A loss ratio measures the relationship between the dollars paid out in claims and other loss expenses to the premium dollars received from policyholders.
In the private passenger auto market between 2002 and 2003, loss ratios declined for 18 of the top 20 carriers in the state. Between 2004 and 2005, half of the top 20 carriers saw declining loss ratios in their automobile liability coverage. The large majority of companies had loss ratios in the 50 percent to 60 percent range, yet in 2004 and 2005, rates had not been reduced by most carriers, the study indicates.
“Low loss ratios can be the result of better underwriting, better risk selection or better luck, as well as excessive premiums,” the study says. “But certain trends in data support the inference that a decreased loss ratio can be the result of too high a premium level. For instance, an insurance company might have a lower loss ratio when it fails to reduce its rates despite decreased losses. This is especially true if it had previously raised its rates when losses increased.”
The Commissioner has scheduled a hearing for July 20, at which he will examine the issue.
“For the past two years homeowners and automobile insurance companies in this state have profited immensely at the expense of consumers. A new study from my office shows that the more money these companies keep from your premiums, the less they pay out in claims. In my view, Californians are due for a break. If my understanding of these results is confirmed by my full review and hearing, I am confident that I will be ordering a significant number of insurers to reduce their rates,” Garamendi said in a statement.
“As we embark upon this task, bear in mind that the insurance industry bitterly opposes my latest effort to rein in pricing and bring affordable, fair insurance to all,” he continued. “My new pricing reforms would require insurers to base auto insurance rates primarily upon how safely you drive, and not just where you live. The rules would reward good drivers and end the industry’s practice of punishing safe drivers with high premiums simply because they live in the ‘wrong’ ZIP code. The industry recently unleashed a $2.4 million advertising campaign attacking me and these reforms. The shady methods they employed in a failed attempt to intimidate me into delaying the reforms demonstrate the lengths to which they will go to protect this extraordinarily profitable market they currently enjoy.
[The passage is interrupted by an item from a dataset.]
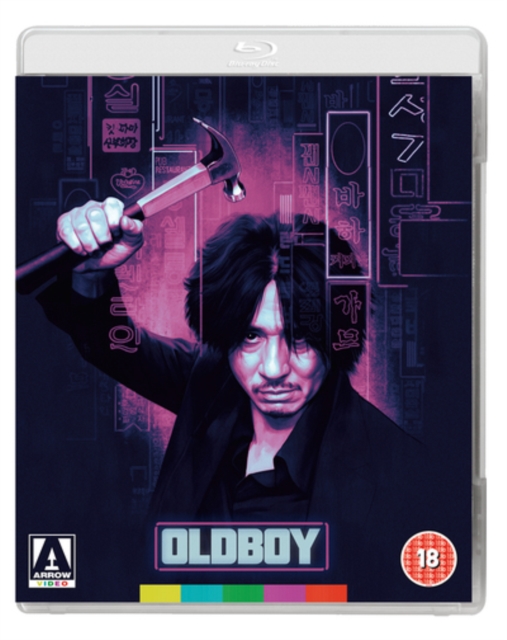 MOVIE - OLDBOY (2003)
“I am interested in seeing a healthy and prosperous insurance industry in California,” he added. “But at the same time, the law requires that insurance company profits not be excessive. California voters have entrusted me with the responsibility of assuring that the premiums California home-owners pay are used to pay claims and provide a reasonable profit.
“In my view, some of the low loss ratios we are witnessing are an indication that profits and rates are excessive, and that consumers should be paying lower premiums,” he said.
Garamendi said his July hearings will help to determine whether the rates consumers are paying are excessive, and whether he should order insurers to lower their rates.
Referring to the private passenger auto market, Garamendi said, “While the case for excess profits is not as clear in the private passenger automobile insurance market, we must continue to be vigilant to ensure that these companies do not overcharge customers as their financial position continues to improve. We will review rates for the private passenger automobile market as we implement changes to our auto rating factors reforms. As I mentioned earlier, these changes to current practice are designed to ensure that premiums for auto insurance are based more upon how safely a person drives, than where the person lives. I believe that these companies are financially strong enough, and the rates they have been charging are high enough, that no consumer should have to bear an undue burden as we transition to the new rating methodologies.”
For the study, CDI reviewed the loss ratios of the top 20 insurance companies that sell homeowner and private passenger automobile insurance in the state. The premium volume for the group represented approximately 83 percent of the homeowner insurance sold in the state, and approximately 80 percent of the private passenger automobile sold in California.